I’m offline for a couple of weeks after this post – I’m working on something magnificent and it requires my full concentration. I’m sure that you can all survive a fortnight without my ridiculous posts on nipples, orifices and social distancing problems, but as a parting shot to see you through, here I am on video, cutting my own hair with (completely inappropriate) paper scissors.
Some will have seen this on IGTV but I am well aware that many of you don’t use Instagram or Facebook (sensible probably – they are the biggest time-suckers!) and so I’ve uploaded the whole thing to Youtube and embedded it below.

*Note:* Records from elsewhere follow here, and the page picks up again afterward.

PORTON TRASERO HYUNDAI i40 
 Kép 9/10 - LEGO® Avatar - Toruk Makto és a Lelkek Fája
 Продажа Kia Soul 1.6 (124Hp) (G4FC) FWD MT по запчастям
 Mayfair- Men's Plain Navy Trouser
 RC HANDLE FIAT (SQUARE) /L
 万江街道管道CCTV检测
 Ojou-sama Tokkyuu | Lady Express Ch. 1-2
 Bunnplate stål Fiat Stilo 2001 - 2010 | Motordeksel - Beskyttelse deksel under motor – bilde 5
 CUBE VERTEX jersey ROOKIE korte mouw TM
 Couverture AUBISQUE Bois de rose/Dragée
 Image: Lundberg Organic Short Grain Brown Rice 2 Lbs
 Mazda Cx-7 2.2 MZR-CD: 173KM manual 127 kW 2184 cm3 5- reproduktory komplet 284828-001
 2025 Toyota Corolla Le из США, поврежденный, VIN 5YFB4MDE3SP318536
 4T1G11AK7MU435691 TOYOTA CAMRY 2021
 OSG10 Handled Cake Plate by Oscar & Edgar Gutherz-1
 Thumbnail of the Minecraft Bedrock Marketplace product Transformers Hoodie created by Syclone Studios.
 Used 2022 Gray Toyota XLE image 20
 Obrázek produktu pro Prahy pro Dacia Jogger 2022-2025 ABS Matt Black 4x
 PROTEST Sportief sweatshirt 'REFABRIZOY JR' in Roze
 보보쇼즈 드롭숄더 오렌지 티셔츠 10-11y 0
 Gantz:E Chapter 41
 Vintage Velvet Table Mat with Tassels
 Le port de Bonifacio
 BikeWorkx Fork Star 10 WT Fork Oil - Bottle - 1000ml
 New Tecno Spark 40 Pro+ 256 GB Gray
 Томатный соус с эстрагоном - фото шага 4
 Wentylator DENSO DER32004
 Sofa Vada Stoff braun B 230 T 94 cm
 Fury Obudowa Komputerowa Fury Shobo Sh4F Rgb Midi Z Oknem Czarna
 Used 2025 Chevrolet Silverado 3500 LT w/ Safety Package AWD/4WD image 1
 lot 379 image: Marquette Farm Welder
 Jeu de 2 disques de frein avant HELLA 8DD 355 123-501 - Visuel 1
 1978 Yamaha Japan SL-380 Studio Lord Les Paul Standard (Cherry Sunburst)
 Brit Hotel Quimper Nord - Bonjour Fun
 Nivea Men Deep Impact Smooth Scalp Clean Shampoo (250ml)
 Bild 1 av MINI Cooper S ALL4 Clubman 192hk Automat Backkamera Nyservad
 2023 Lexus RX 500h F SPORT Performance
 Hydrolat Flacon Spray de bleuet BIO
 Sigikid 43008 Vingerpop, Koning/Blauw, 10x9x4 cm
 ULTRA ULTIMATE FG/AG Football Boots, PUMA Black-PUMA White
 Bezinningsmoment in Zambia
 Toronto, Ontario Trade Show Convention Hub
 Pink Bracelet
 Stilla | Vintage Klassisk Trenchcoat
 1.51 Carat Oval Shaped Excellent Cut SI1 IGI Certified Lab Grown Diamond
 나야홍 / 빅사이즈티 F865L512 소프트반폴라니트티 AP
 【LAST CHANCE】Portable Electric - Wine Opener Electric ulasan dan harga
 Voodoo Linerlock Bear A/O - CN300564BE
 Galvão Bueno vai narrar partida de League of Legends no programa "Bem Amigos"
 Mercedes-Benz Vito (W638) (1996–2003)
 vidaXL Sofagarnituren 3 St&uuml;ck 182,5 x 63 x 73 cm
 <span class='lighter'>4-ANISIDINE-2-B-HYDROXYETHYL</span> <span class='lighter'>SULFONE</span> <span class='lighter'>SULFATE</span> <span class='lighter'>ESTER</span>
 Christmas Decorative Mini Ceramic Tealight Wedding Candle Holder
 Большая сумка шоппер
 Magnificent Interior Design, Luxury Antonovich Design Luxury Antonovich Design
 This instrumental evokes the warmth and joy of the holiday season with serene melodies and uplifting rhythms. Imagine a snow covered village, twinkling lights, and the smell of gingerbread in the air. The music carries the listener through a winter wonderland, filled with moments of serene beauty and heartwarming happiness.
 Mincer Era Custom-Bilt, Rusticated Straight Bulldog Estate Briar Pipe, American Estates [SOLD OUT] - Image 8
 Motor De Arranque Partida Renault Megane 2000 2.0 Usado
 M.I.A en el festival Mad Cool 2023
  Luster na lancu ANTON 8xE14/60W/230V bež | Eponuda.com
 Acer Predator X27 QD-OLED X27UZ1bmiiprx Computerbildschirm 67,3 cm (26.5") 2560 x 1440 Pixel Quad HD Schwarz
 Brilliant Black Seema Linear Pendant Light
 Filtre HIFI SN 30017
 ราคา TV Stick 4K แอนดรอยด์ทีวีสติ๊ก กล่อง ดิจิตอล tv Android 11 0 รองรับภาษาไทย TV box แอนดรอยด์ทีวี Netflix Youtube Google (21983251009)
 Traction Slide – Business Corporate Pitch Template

See you all later, alligator: if you need me urgently then ring my Mum! But don’t knock for me, I’m not allowed out. Hohoho…
Remember the absolute mortification when a friend called for you but your Mum wouldn’t let you out because tea was nearly ready? And you’d hear your Mum say
“No, Sean/Lee/Nat/Jamie, she can’t come out now, her tea’s nearly on the table.”
“Oh OK,” they’d answer, “can she come out after?”
“Maybe,” your Mum would say, “depends.”
“What time’ll she be finished?”
“Not sure yet, Sean/Lee/Nat/Jamie, maybe you go and play and if she’s finished she’ll come and find you.”
“How will she know where I am though?” Sean/Lee/Nat/Jamie would say.
From your position at the top of the stairs you’d just about be able to see their bike lying on its side in the front garden, the wheels still spinning. And you’d be thinking bloody hell Sean/Lee/Nat/Jamie, you’re pushing your luck with all of these questions! Back away from the door and save yourself!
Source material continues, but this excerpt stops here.